The Republican chairman of the Senate Foreign Relations Committee, Sen. Richard Lugar of Indiana, has strongly suggested that the Bush administration reconsider its June 30 deadline to transfer sovereignty from the interim government to Iraqis.

"How do you know, come June 30, that a civil war will not occur?" Lugar said on Voice of America radio. "After all, the coalition has not disarmed all of these militia that these religious groups have in various places. They still are armed and apparently ready to fight."

Usually loyal pundits are speaking out, too. Conservative columnist George Will wrote in The Washington Post on Wednesday, "U.S. forces in Iraq are insufficient."

There are currently 135,000 U.S. soldiers in Iraq – along with 24,000 international troops – and pressure is rising on the Bush administration to increase troop deployment. But the Department of Defense says it plans to decrease the number of U.S. troops in Iraq by tens of thousands around the June 30 deadline.

The White House continues to claim that most Iraqis support the American presence. But even some ardent conservative backers of the president are voicing skepticism.

"I'm not buying this 'Iraqis are on the American side' right now," Fox News' Bill O'Reilly said on the Tuesday night broadcast of "The O'Reilly Factor." The leading conservative commentator repeatedly called the current conflict a "second war in Iraq."

O'Reilly added, "I think Rumsfeld has got a lot of explaining to do here. There's a lot of mistakes that are now killing American soldiers."

Fellow conservative pundit and former Republican congressman Joe Scarborough of MSNBC was even more critical in his broadcast Tuesday.

Scarborough: "Do we need more troops in Iraq? Hell, yes, we do. ... Should June 30 handover date to the Iraqis be extended? You can bet your life on it ... because creating this false deadline in time for a presidential election is no way to win a war."

Democratic presidential candidate John Kerry called the administration's June 30 deadline "arbitrary" in an NPR interview broadcast Wednesday. He also accused President Bush of not providing "Americans with a thorough understanding of exactly who we are turning the authority over to and precisely what the consequences of that will be."

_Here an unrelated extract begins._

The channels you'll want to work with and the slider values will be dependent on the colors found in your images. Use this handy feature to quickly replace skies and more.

The presumptive Democratic nominee's criticism of the president is no surprise. But for that criticism to be echoed by leaders of Mr. Bush's own party and top conservative pundits is a problem that could have grave affects on the president's hopes of winning reelection.

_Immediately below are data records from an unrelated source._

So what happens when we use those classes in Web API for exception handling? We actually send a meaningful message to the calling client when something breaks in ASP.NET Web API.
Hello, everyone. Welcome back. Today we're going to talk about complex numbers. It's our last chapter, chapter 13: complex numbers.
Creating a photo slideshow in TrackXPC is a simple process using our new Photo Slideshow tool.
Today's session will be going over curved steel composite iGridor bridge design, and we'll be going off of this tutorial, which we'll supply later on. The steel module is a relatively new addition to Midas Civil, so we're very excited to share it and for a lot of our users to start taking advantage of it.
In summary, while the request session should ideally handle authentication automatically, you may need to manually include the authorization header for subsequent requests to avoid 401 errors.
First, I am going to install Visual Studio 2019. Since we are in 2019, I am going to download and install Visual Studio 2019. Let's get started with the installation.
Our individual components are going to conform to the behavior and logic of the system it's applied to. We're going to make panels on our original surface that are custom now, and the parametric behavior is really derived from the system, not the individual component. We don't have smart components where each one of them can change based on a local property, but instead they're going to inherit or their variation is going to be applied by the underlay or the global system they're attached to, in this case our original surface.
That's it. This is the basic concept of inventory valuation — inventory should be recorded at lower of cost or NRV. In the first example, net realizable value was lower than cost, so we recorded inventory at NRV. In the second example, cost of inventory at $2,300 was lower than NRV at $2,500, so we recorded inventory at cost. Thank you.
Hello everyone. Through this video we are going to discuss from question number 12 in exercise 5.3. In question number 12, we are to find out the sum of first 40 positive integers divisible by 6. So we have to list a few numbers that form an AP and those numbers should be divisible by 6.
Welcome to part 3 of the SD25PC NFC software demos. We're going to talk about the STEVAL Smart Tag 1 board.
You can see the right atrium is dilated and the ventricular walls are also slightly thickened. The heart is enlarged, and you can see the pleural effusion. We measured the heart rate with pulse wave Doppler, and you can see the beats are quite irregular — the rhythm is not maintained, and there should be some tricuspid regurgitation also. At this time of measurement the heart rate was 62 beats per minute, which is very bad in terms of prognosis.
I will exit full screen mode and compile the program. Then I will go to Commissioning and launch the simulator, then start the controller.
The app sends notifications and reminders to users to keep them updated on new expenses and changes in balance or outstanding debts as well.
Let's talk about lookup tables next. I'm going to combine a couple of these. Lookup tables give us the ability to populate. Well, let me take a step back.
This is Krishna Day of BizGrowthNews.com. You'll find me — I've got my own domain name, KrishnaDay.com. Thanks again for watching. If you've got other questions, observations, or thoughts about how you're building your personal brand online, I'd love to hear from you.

"Now that things aren't going so well, Republican critics are more open in their criticism," Cook said. "When there was a limit in how critical they could be of their own president before, even though they thoroughly disagreed."

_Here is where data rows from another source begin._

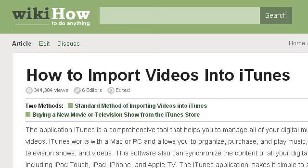Our top-ranked site to learn about how to download videos from a Real One Player to your iTunes library is www.wikihow.com, specifically the page titled 'How to Import Videos into iTunes, 7 Steps, with Pictures.' Here's the link.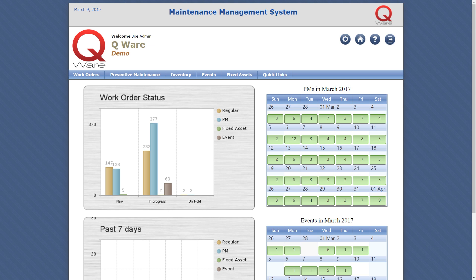Preventive maintenance work orders automatically generate based on schedules and can be pre-assigned to an individual or sent to the maintenance manager for assignment.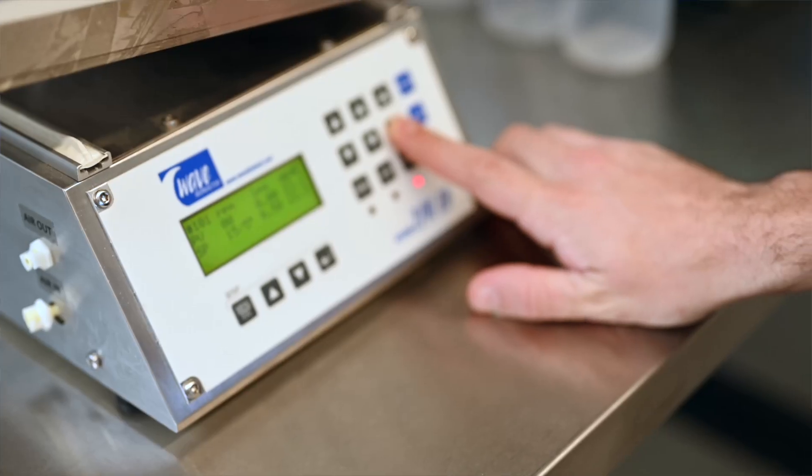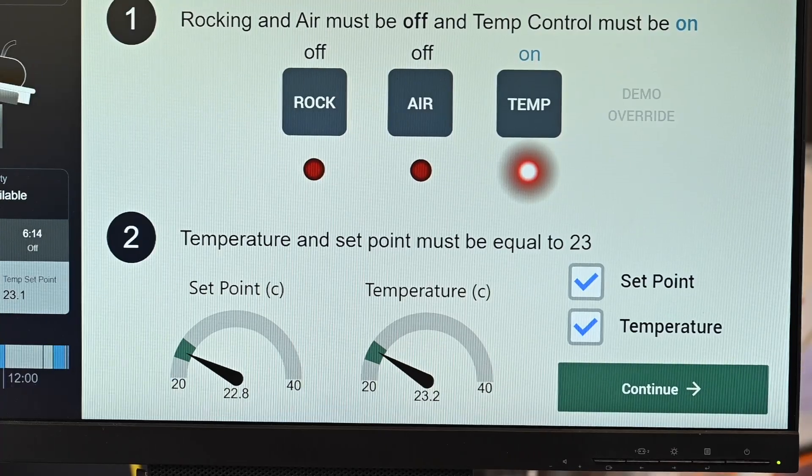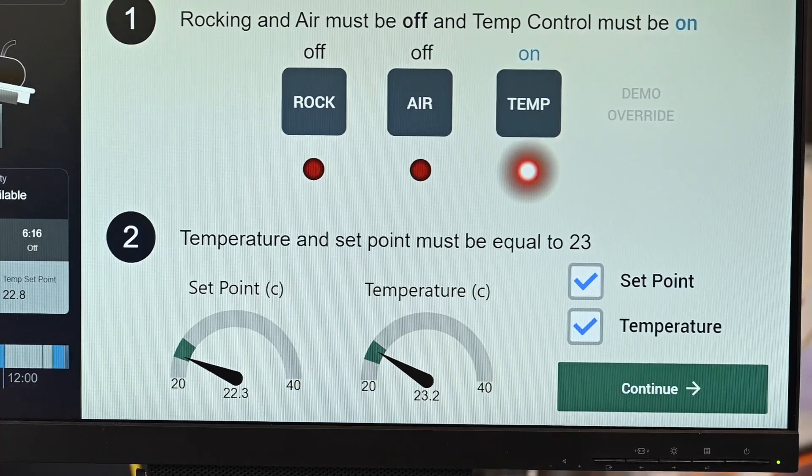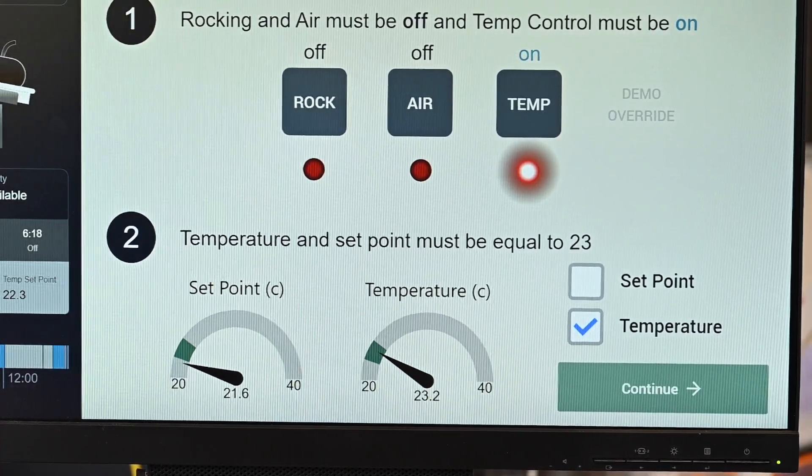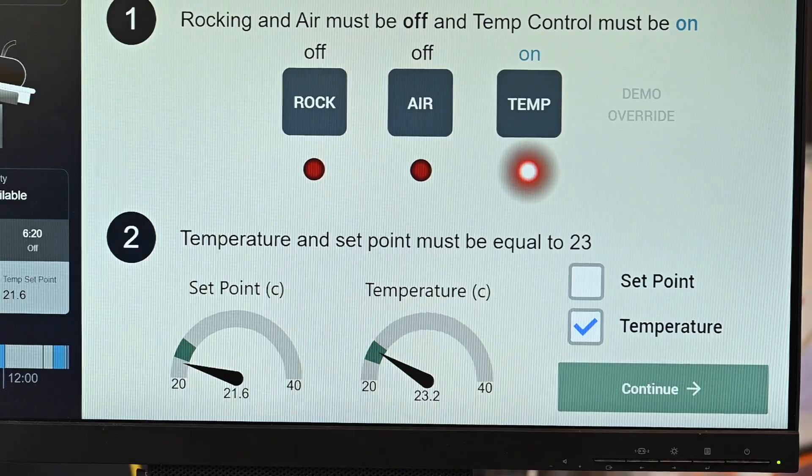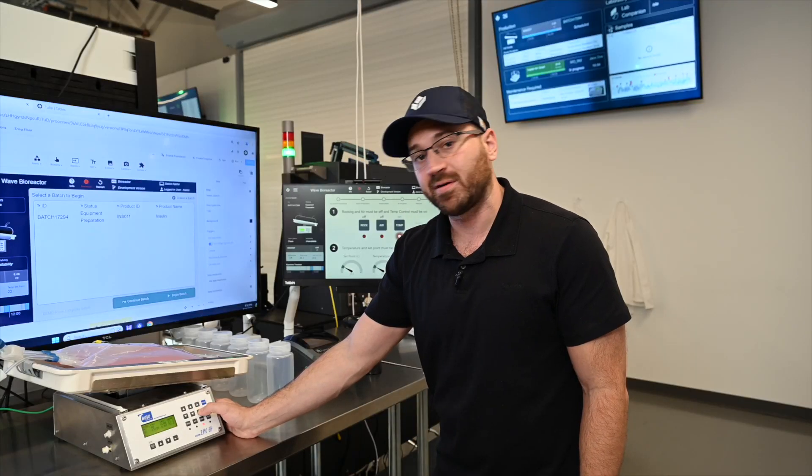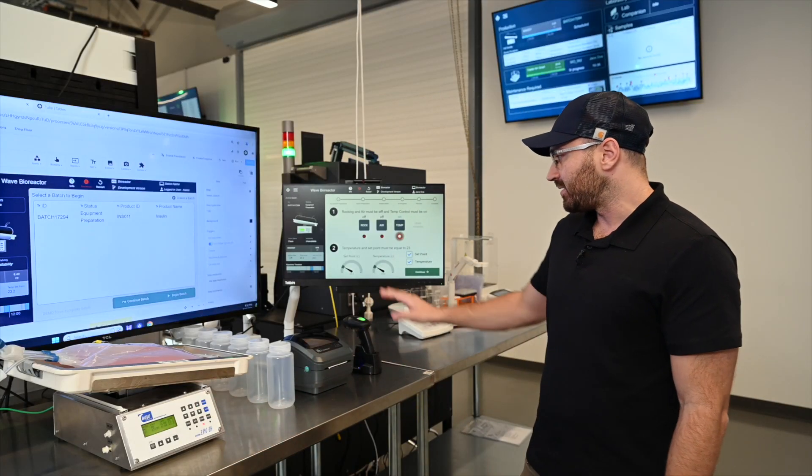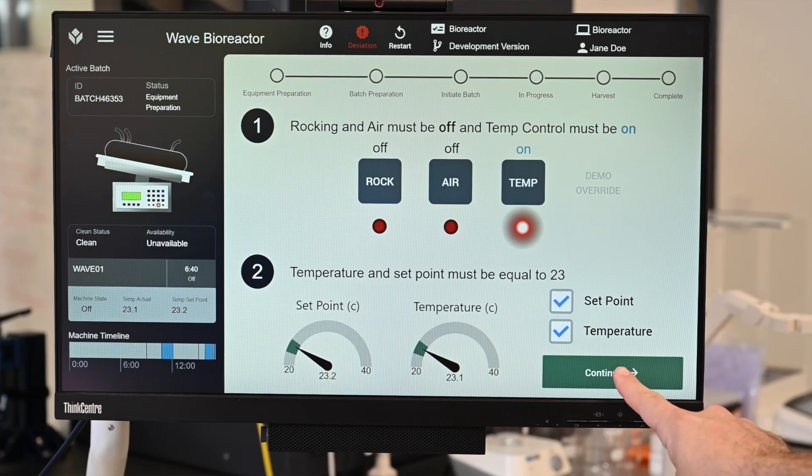So if I move my temperature, for example, down, you'll see the set point is moving out of range, basically enforcing that the operators are able to set the equipment to match the requirements of the production. So now that everything is set, I can continue.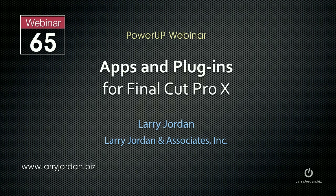Hi, this is Larry Jordan. This is an excerpt of a Power Up webinar entitled, Apps and Plugins for Final Cut Pro 10.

Republican Sen. Chuck Hagel of Nebraska told CNN Tuesday that the Bush administration has "few good options" left regarding Iraq. The implication: the White House has dug a ditch that it possibly cannot get out of without getting its hands dirty.

The foundation of the president's reelection campaign is the portrayal of Mr. Bush as the steady commander in chief successfully fighting the war on terror (the war in Iraq being one and the same to the Bush White House). Republicans questioning Mr. Bush's leadership in that war adds more fodder to Sen. Kerry's larger critique of the president.

A Pew Research Center national survey conducted this week shows that the majority of Americans now disapprove of President Bush's handling of the war in Iraq. Adding to the GOP dilemma, on Election Day there is more at stake for Republicans than the White House alone.

"For the first time in this election cycle there is some doubt about whether the Republicans will be able to hold onto the Senate," Cook said, adding his own critique of the Iraq war effort.

"Whether you agree about whether we should've done it or not, it is hard to say the war is being done well."